** Work request **
Pull out every line with the word "Genuine" from the entries below.

(Beginning of Records provided)

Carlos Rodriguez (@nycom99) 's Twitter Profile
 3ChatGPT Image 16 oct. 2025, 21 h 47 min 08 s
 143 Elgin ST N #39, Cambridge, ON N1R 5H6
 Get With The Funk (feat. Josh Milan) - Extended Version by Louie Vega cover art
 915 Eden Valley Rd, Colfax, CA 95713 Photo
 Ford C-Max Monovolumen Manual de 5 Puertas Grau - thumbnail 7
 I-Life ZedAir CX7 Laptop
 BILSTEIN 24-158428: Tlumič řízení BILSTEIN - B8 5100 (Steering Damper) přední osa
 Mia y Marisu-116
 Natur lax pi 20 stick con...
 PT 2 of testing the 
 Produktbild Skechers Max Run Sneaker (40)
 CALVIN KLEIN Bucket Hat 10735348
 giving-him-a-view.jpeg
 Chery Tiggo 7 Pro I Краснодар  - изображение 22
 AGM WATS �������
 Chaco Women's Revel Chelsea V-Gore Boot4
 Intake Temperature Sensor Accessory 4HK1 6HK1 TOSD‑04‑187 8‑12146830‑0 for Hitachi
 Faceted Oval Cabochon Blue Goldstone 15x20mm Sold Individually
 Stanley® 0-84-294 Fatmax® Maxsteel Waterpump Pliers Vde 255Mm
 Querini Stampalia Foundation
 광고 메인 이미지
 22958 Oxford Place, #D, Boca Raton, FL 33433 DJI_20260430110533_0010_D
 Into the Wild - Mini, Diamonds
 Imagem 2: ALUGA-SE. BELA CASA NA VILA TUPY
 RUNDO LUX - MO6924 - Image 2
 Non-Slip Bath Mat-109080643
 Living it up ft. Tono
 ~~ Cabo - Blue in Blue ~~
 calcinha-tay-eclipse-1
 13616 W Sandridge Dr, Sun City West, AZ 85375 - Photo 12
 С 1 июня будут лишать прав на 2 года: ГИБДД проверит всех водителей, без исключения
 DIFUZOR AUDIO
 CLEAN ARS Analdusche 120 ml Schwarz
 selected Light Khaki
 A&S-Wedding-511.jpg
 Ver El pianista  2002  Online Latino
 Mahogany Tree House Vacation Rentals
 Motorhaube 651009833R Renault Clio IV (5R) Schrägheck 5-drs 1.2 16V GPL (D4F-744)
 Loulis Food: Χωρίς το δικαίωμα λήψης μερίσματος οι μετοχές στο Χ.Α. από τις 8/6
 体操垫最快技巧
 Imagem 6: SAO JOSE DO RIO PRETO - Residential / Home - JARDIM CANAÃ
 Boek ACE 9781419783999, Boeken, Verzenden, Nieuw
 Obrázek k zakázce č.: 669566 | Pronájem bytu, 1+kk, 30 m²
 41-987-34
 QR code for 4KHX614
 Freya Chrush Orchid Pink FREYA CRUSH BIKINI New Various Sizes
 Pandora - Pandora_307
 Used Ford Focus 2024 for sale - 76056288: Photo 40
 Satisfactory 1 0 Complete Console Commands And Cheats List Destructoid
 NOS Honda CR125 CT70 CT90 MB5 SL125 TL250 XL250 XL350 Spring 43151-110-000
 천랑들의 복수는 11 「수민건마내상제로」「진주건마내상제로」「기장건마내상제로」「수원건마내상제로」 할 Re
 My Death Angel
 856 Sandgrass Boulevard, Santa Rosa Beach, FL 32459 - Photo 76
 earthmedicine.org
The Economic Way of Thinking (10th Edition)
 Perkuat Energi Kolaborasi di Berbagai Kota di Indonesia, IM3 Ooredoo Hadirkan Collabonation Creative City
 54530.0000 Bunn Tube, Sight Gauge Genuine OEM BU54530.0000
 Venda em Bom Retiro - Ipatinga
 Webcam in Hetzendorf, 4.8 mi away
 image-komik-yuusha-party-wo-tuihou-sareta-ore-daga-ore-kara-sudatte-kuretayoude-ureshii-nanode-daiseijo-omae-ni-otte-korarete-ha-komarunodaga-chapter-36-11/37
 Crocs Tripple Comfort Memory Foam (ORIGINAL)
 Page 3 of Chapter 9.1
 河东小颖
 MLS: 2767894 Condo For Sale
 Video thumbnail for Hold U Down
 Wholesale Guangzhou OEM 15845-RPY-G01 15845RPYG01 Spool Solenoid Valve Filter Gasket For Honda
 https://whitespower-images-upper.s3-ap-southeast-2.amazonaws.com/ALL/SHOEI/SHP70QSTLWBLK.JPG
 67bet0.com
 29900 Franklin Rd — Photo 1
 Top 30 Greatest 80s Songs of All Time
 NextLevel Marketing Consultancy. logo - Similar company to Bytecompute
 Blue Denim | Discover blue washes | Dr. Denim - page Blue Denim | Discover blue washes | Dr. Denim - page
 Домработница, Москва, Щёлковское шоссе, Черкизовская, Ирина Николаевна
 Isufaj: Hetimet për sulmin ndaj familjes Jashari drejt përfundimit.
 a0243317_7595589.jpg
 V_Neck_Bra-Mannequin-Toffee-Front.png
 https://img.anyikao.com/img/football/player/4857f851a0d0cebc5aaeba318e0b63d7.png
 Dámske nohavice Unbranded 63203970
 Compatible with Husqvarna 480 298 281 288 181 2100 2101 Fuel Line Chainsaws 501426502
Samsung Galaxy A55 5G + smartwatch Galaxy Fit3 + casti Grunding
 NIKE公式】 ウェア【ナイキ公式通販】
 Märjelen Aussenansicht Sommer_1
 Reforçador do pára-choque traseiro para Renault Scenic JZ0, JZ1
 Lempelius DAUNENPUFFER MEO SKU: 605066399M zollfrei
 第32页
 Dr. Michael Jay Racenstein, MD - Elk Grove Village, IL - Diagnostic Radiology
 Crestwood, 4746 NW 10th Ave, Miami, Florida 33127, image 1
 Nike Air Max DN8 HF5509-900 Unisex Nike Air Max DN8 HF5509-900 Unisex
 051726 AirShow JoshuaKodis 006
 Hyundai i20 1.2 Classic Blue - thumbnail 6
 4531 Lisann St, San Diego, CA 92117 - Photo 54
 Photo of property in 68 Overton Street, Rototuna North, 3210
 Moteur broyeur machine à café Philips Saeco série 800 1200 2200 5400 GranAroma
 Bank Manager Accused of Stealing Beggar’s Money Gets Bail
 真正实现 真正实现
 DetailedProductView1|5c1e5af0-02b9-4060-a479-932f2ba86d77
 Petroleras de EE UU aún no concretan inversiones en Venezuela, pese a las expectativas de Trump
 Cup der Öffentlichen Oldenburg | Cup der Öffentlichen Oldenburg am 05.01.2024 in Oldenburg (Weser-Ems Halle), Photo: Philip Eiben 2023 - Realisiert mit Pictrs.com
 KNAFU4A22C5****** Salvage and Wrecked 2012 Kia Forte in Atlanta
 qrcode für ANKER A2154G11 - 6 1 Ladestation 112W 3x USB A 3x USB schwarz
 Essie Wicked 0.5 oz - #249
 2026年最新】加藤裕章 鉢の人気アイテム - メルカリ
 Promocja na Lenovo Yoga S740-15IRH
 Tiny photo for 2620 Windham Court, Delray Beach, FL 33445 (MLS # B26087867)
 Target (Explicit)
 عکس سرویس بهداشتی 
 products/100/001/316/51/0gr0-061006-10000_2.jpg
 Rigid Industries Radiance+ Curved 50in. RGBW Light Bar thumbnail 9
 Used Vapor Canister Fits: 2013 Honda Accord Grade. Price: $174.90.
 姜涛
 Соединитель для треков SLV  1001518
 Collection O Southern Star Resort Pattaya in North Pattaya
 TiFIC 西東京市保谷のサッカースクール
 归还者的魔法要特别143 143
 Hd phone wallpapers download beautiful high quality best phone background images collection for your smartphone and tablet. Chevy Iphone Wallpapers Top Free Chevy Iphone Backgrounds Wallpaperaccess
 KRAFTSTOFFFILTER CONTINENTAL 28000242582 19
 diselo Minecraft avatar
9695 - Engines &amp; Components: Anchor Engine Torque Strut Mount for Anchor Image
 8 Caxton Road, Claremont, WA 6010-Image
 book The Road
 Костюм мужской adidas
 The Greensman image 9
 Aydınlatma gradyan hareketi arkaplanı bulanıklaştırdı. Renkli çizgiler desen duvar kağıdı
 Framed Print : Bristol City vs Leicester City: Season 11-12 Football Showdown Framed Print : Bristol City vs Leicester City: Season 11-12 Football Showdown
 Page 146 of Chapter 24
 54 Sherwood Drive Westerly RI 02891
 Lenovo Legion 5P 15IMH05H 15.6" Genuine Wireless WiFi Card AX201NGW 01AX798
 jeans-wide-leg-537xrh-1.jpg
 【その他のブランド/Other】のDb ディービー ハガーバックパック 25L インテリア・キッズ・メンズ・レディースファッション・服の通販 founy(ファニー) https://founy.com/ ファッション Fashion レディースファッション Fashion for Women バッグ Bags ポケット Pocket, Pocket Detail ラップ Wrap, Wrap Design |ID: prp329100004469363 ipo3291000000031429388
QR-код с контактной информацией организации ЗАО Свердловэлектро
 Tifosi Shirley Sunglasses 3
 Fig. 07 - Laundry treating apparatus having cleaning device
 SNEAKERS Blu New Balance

(End of Records provided)

** Solution **
 54530.0000 Bunn Tube, Sight Gauge Genuine OEM BU54530.0000
 Lenovo Legion 5P 15IMH05H 15.6" Genuine Wireless WiFi Card AX201NGW 01AX798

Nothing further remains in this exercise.